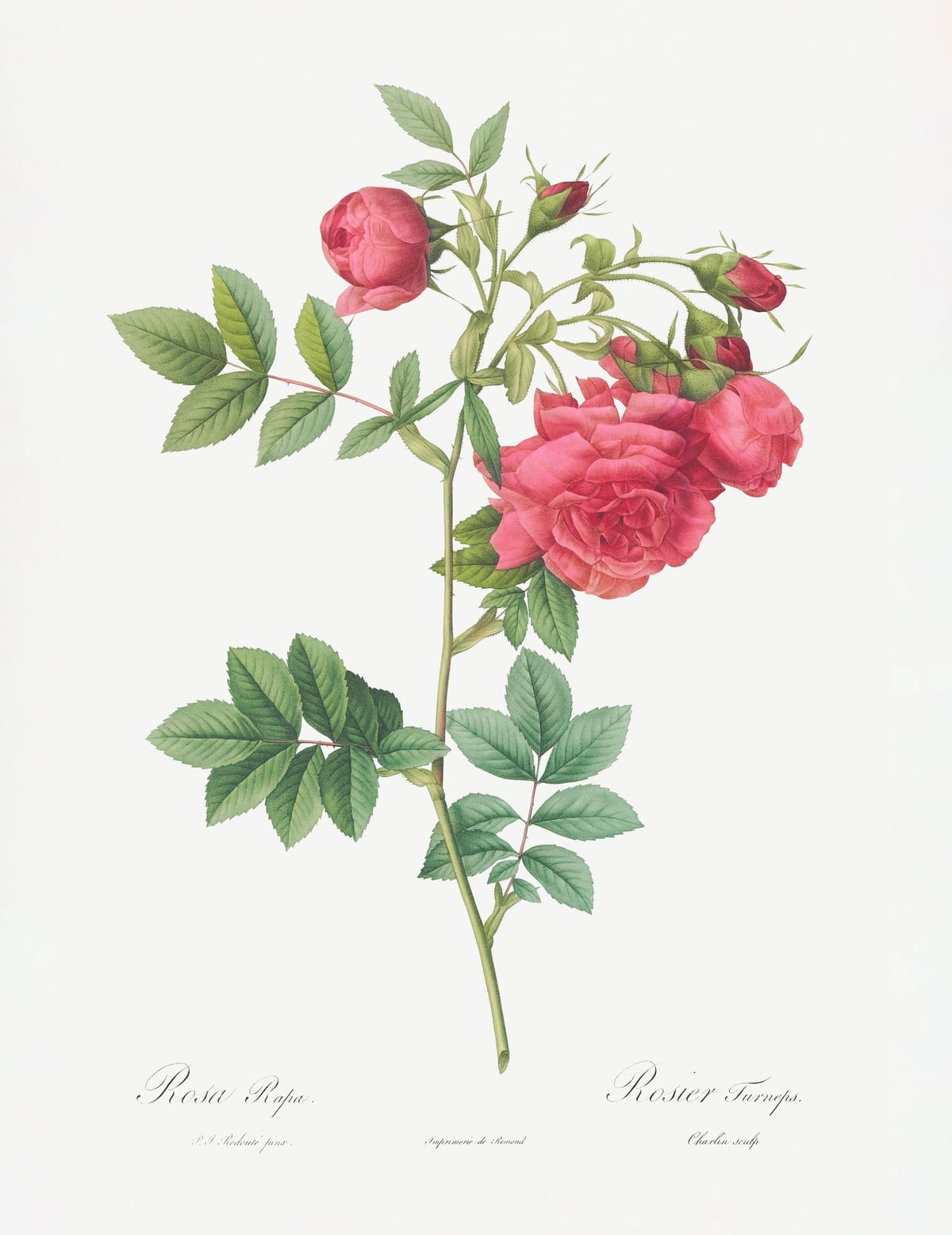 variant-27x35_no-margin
...
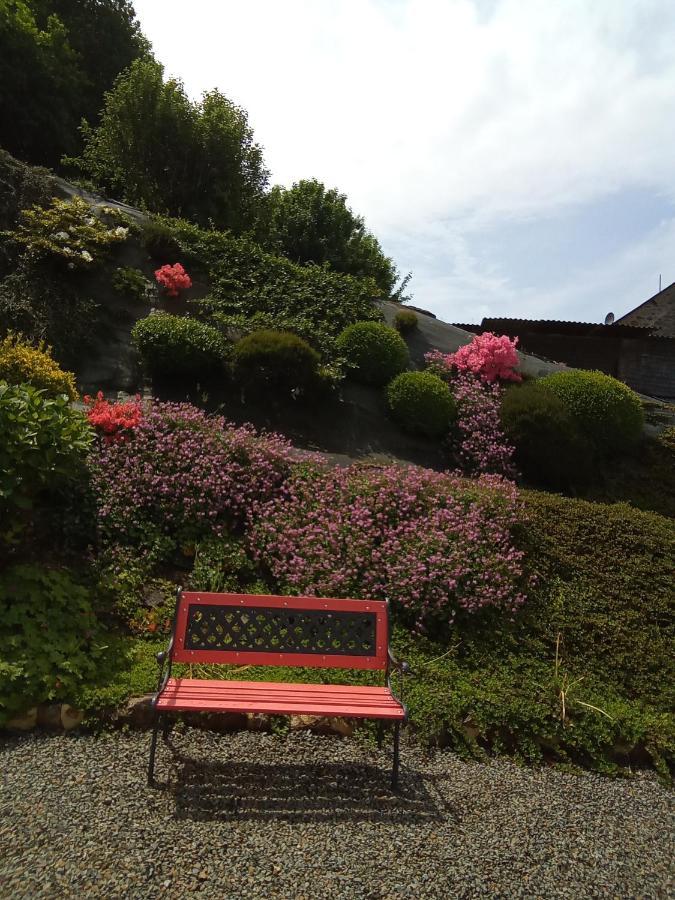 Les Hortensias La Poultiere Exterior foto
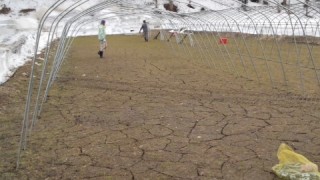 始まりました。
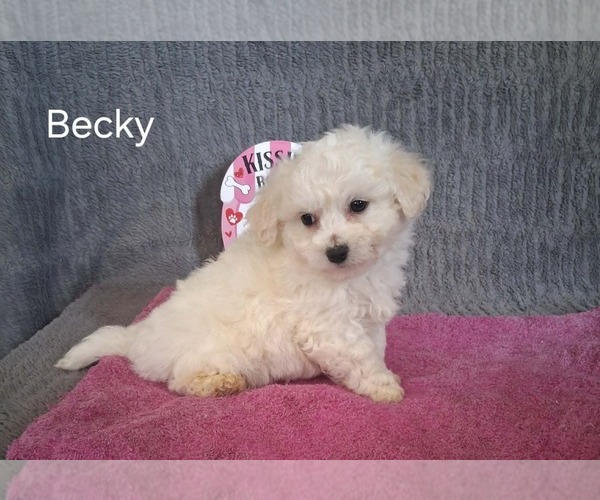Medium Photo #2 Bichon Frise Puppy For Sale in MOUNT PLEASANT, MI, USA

Directions >>
In the listing above, find the line with "Les Hortensias La Poultiere Exterior foto" and the line with "Medium Photo #2". Copy exactly those two and every line between, without the pictures.

Task answer >>
 Les Hortensias La Poultiere Exterior foto
 始まりました。
Medium Photo #2 Bichon Frise Puppy For Sale in MOUNT PLEASANT, MI, USA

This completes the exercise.